The Bank borrows the money it lends. It has good credit because it has large, well-managed financial reserves. This means it can borrow money at low interest rates from capital markets all over the world to then lend money to developing countries on very favorable terms.

The Bank's financial reserves come from several sources - from funds raised in the financial markets, from earnings on its investments, from fees paid in by member countries, from contributions made by members (particularly the wealthier ones) and from borrowing countries themselves when they pay back their loans.

The Bank lends only a portion of the money needed for a project. The borrowing country must get the rest from other sources or use its own funds. Eventually, since the country has to pay back its loans, it ends up paying for most, if not all, of the project itself.

World Bank loans help countries:

• Supply safe drinking water
• Build schools and train teachers
• Increase agricultural productivity
• Manage forests and other natural resources
• Build and maintain roads, railways, and ports
• Extend telecommunications networks
• Generate and distribute energy
• Expand health care
• Modernize

The Bank also tries to encourage investment and lending by countries, companies, and private investors. It also lends money to hire industry experts to help countries to reshape their economies to make them more efficient and productive.
Money isn’t the only type of support that the Bank provides.  Often, it is the advice and experience the Bank's staff brings to a project or the environmental and social standards it applies that are also important.

How Does a Project Work?

• A project begins when a country identifies a need, develops a plan, and asks the Bank for a loan. Experts from the borrowing country and the World Bank then study the plan carefully.

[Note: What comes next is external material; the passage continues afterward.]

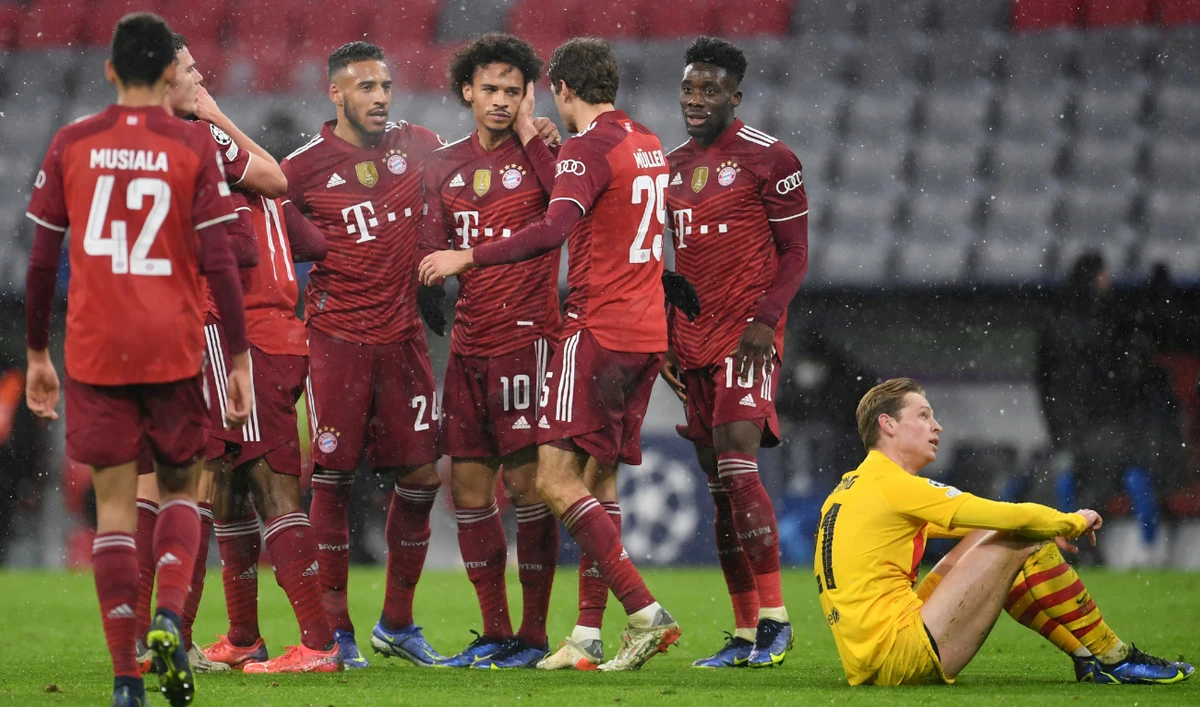 Bayern Munich's Leroy Sane celebrates scoring their second goal with teammates. (Reuters)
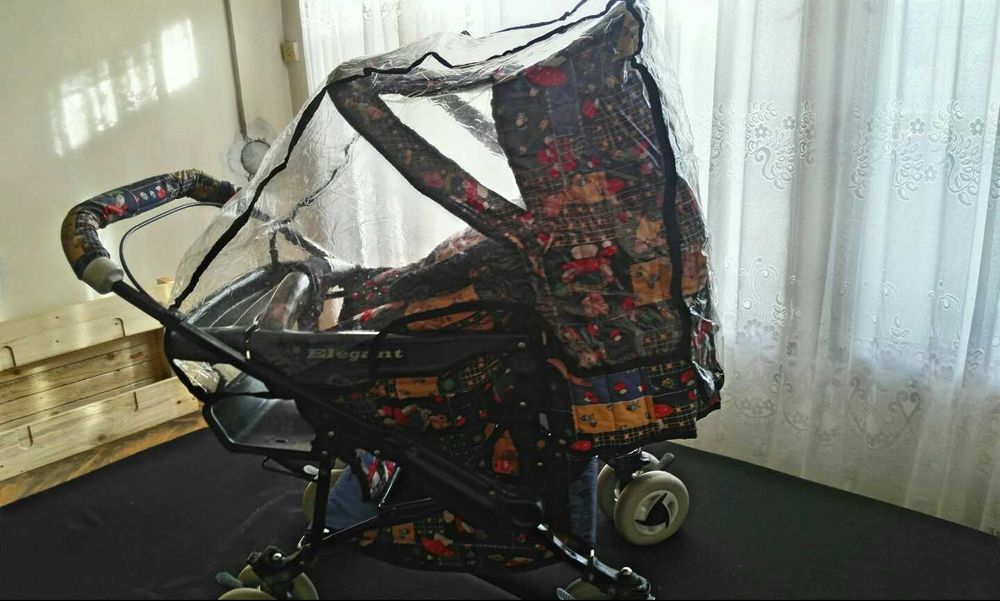 Детска количка с ветробран и чувалче за бебето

• Bank staff carefully review the project and ask questions like: Will the project help the country's economy? Will it benefit the poorest people and increase economic opportunities for women? What impact would it have on the environment, both now and in the future? Can other funding sources be found? Will the country be able to maintain the project once funding ends?

• Negotiations take place on how to implement the strategy. Once an agreement is reached, and the loans are approved, work can begin. The Bank carefully monitors progress and pays out the loan in installments.

• Assessing the effect of projects the Bank supports is essential in developing countries. Resources are scarce and must be used where they can have the largest effect. Monitoring helps project managers know if programs are reaching the people they are aimed at or if these programs are ineffective and wasteful. Monitoring and assessment also provide information and data on which future projects are designed.